<<<<

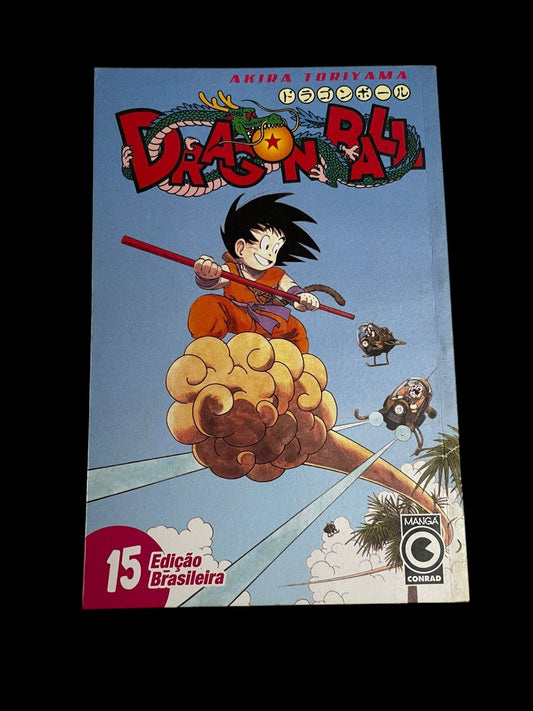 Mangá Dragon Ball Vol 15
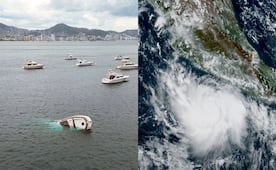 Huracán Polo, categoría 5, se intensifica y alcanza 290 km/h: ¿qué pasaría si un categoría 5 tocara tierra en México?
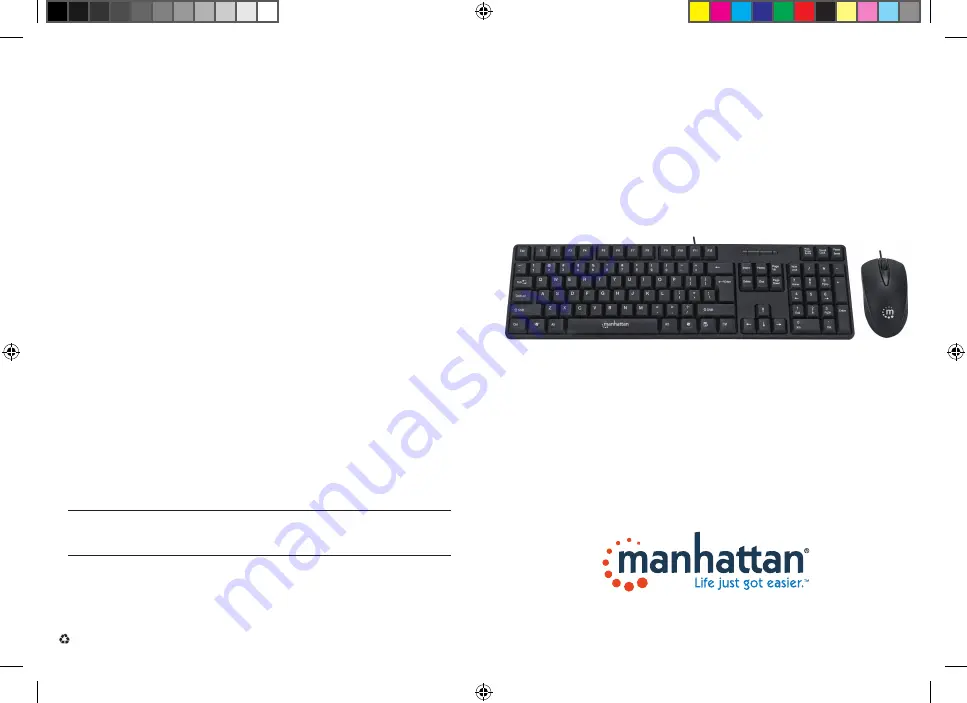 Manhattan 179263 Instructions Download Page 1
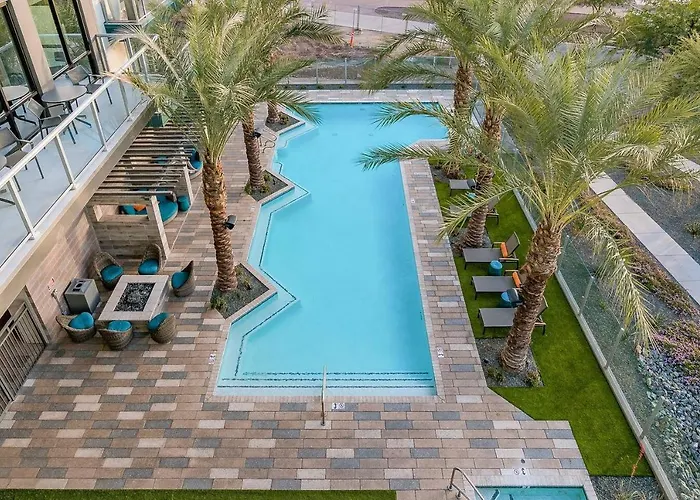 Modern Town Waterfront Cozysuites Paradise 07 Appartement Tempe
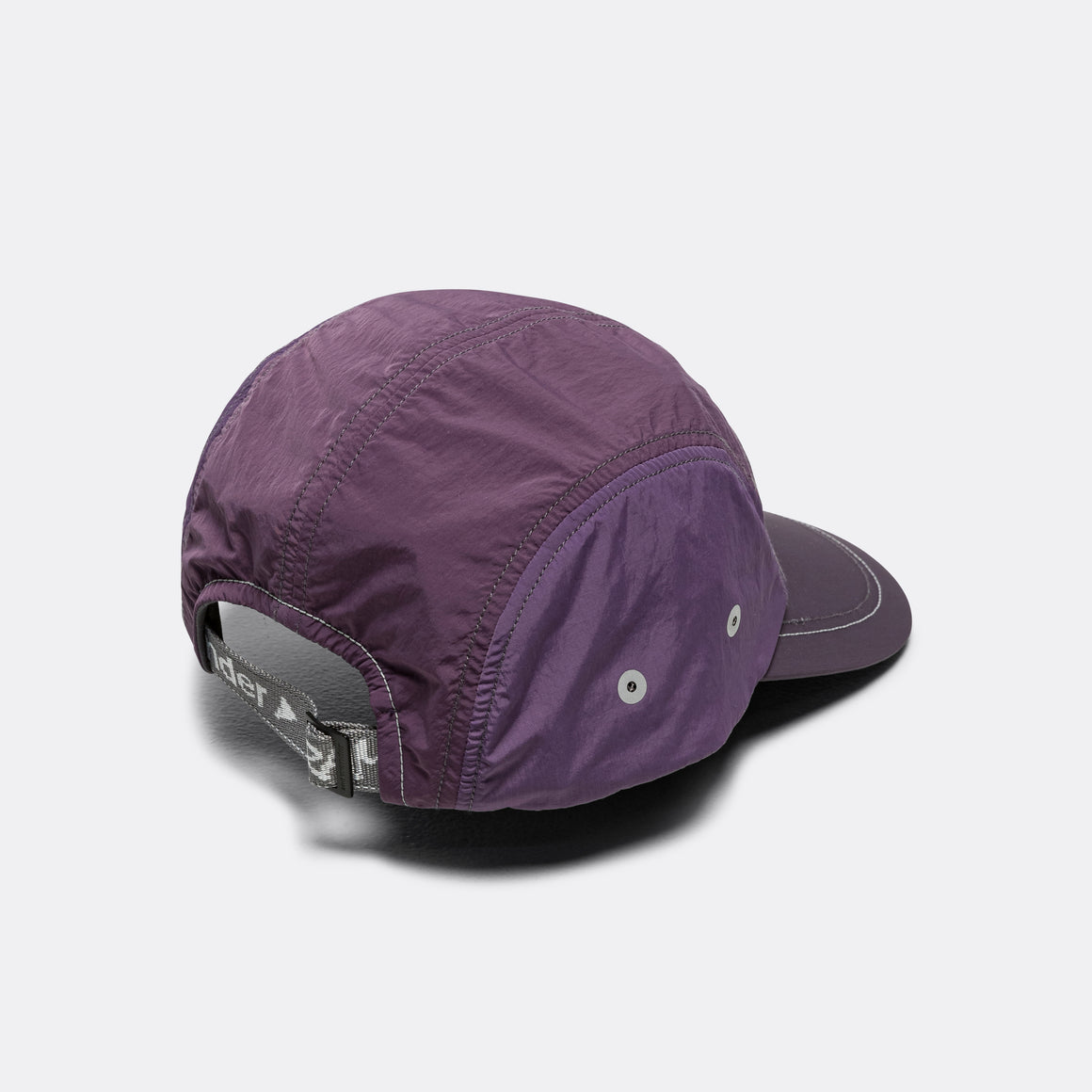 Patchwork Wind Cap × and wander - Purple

>>>>

Every line from the one that holds "Manhattan 179263 Instructions" to the end of the listing should be output exactly, with pictures left out, please.

Result of the exercise:
 Manhattan 179263 Instructions Download Page 1
 Modern Town Waterfront Cozysuites Paradise 07 Appartement Tempe
 Patchwork Wind Cap × and wander - Purple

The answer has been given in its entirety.